The app warns that if you move Mitchell while he’s cleaning, the map may be inaccurate. Some of the maps looked straight-up bonkers, and I’m not sure it was entirely my fault. Even when I didn't move the vac, some maps showed a bedroom as being bigger than my entire living room and kitchen, or that a bedroom was behind the bathroom instead of next to it. It's imperfect, but I found it was good enough to let me monitor Mitchell in his cleaning journey.
Also as with the D5, the app accumulated a history of square footage cleaned and time spent cleaning. It took 2.5 hours to charge the Connected to full power, and a little less than two hours of run time to run the battery down to 10% in “turbo” mode, which was maximum strength for maximum pickup.

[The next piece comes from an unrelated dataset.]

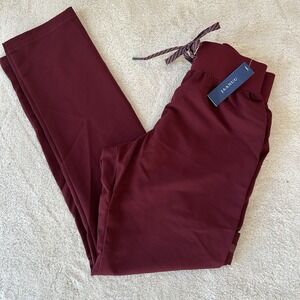 NWT Jaanuu Women Size XXS Petite 4 Pocket Scrub Pants Drawstring J95165 Burgundy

It took Mitchell between 45 minutes to 1:15 hours in turbo mode to clean between 300 and 500 square feet of my one-story, toddler, baby, and double-dog-haired abode. In turbo mode, I measured him as generating about 70 decibels’ worth of noise, which is the volume at which most people watch television. It’s loud, but endurable for the 45 minutes that it took to clean after dinner. He also has a quieter, longer eco mode which measures at a more reasonable 60 dB, but I preferred getting the vacuuming over as quickly as possible.
Certain operational quirks felt clunky. In my experience, the Roomba’s virtual walls are so much better at partitioning off areas than Neato’s magnetic strips. The strips don’t curve around problem areas, like the cord jungle under my nightstand, and it’s all too easy for toddlers, dogs, or visitors to move them unintentionally.